Operator Interpolation and the Commutant

Abstract

The construction and the study of a rich functional calculus is one way of getting spectral resolutions or their analogues. In the classical case of a self-adjoint (or normal) operator A the calculus f ↦ f(A) defined on the algebra of all bounded functions and, in particular, on the characteristic functions χ_σ generates a projection valued (spectral) measure \(\sigma \mapsto E\left( \sigma \right)\mathop = \limits^{def} {\chi _\sigma }\left( A \right)\), the study of which leads to the Spectral Theorem. This measure “separates” the spectrum of A sufficiently well so that, for instance, if A is complete we obtain an unconditionally convergent expansion into eigenvectors. For more general transformations having a total and topologically free family X of eigen (or root) spaces one can always define an analogue of the spectral measure, in a similar manner as this is provided by formula (6), Lecture VI, but in the first instance only on the (dense) linear hull of the family X. If moreover the eigenvalues of the operator are isolated points of the spectrum then this “measure” can be considered as a part of the calculus (the “analytical” Riesz-Dunford calculus).

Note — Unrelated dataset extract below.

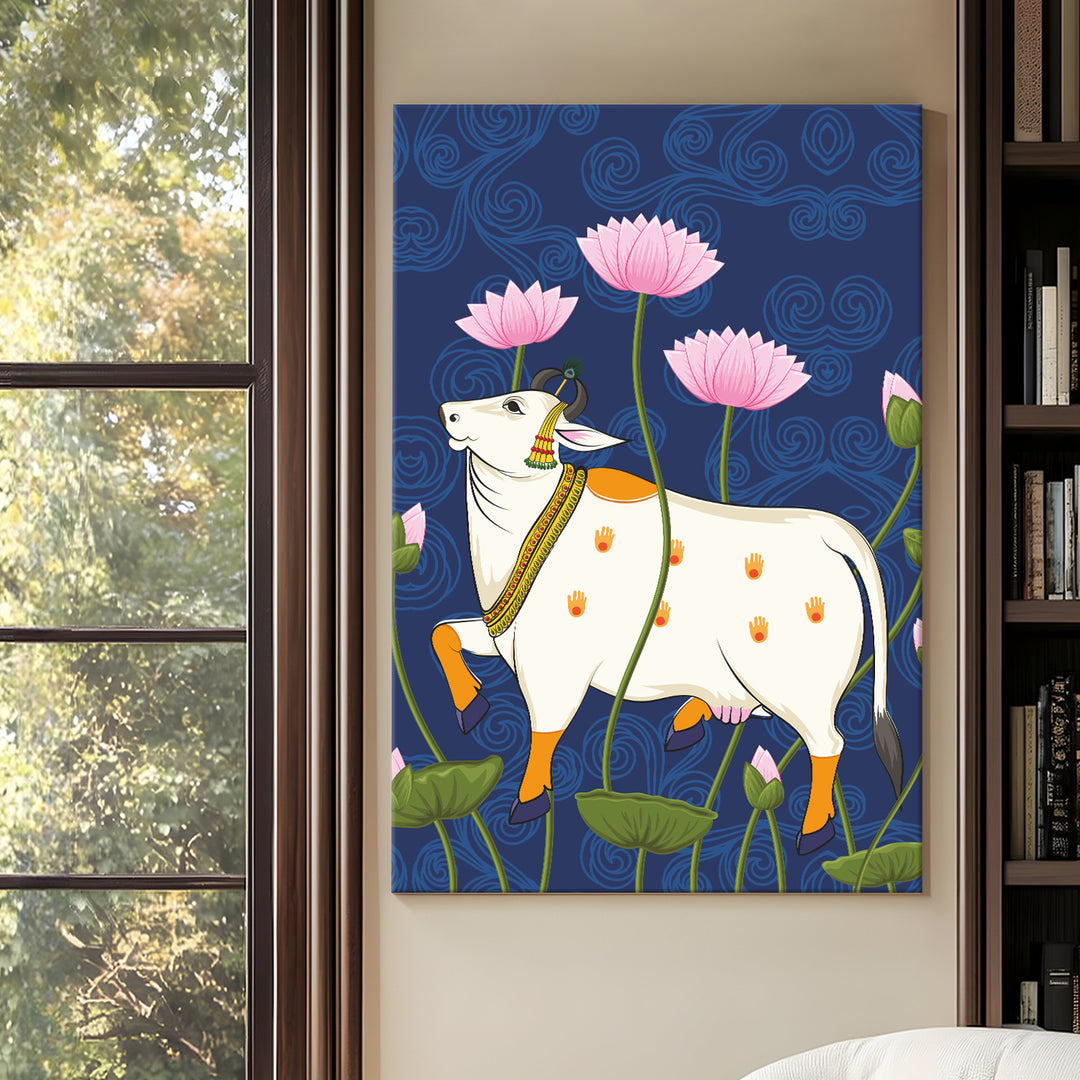 Traditional Pichwai Wall Art | HD Canvas Print Gallery Wrap Painting | Ready to Hang | Perfect for Home & Office Décor | Size: 20x30 Inch (PICWA45)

For the compressions of the shift operator T = PS∣K we have to use the calculus constructed in Lecture III beyond which (as will be shown) we cannot go. The Sz.-Nagy and Foiaş calculus, it is true, makes it possible to construct the operator f(T) only for analytic functions f (f ∈ H^∞) but this deficiency is compensated by the fact that in many cases f(T) depends only on f ∣σ(T) or even f ∣σ _p (T). Such functions already can separate the spectrum of T in the desired way.